> [What the task asks]
Every line from the first one in the data below through the line holding "Here you can" is to be written out exactly, with the pictures omitted.
··· Recorded data
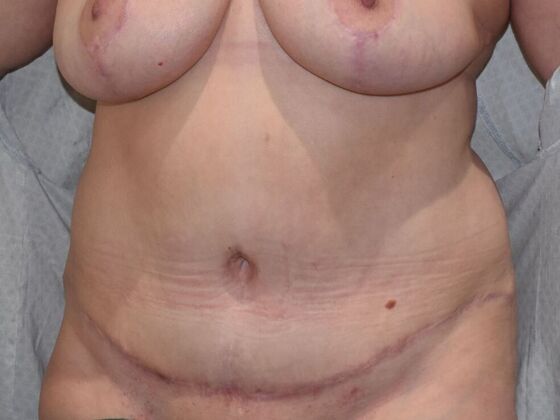 Tummy Tuck (Abdominoplasty): Case 430 - After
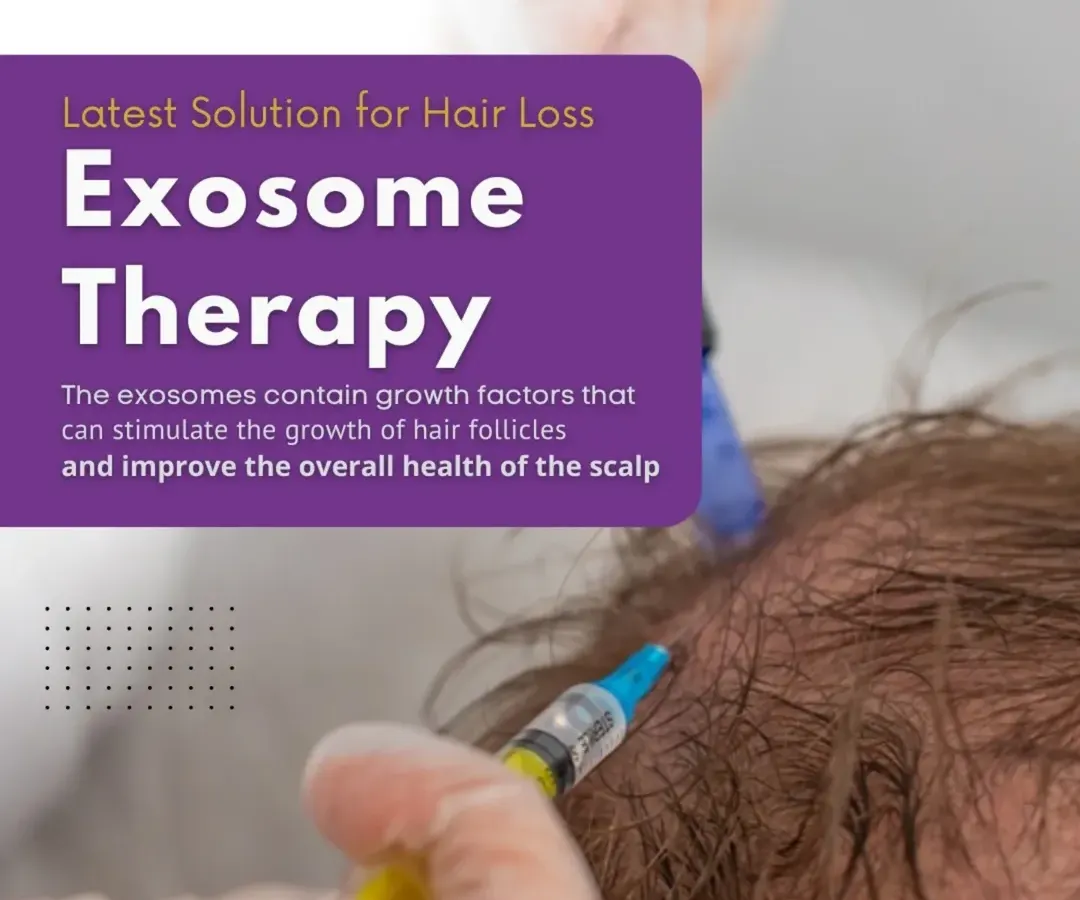 Here you can see the application of Exosome Therapy, one of the latest non-surgical solutions I offer for hair loss. This treatment uses growth factors to stimulate hair follicles and improve the overall health of your scalp, promoting natural regrowth.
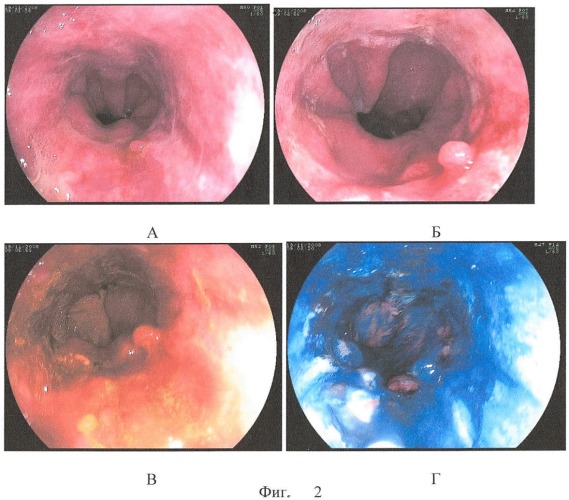 Способ комбинированной хромоскопии пищевода (патент 2408251)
······
> [Answer to this task]
 Tummy Tuck (Abdominoplasty): Case 430 - After
 Here you can see the application of Exosome Therapy, one of the latest non-surgical solutions I offer for hair loss. This treatment uses growth factors to stimulate hair follicles and improve the overall health of your scalp, promoting natural regrowth.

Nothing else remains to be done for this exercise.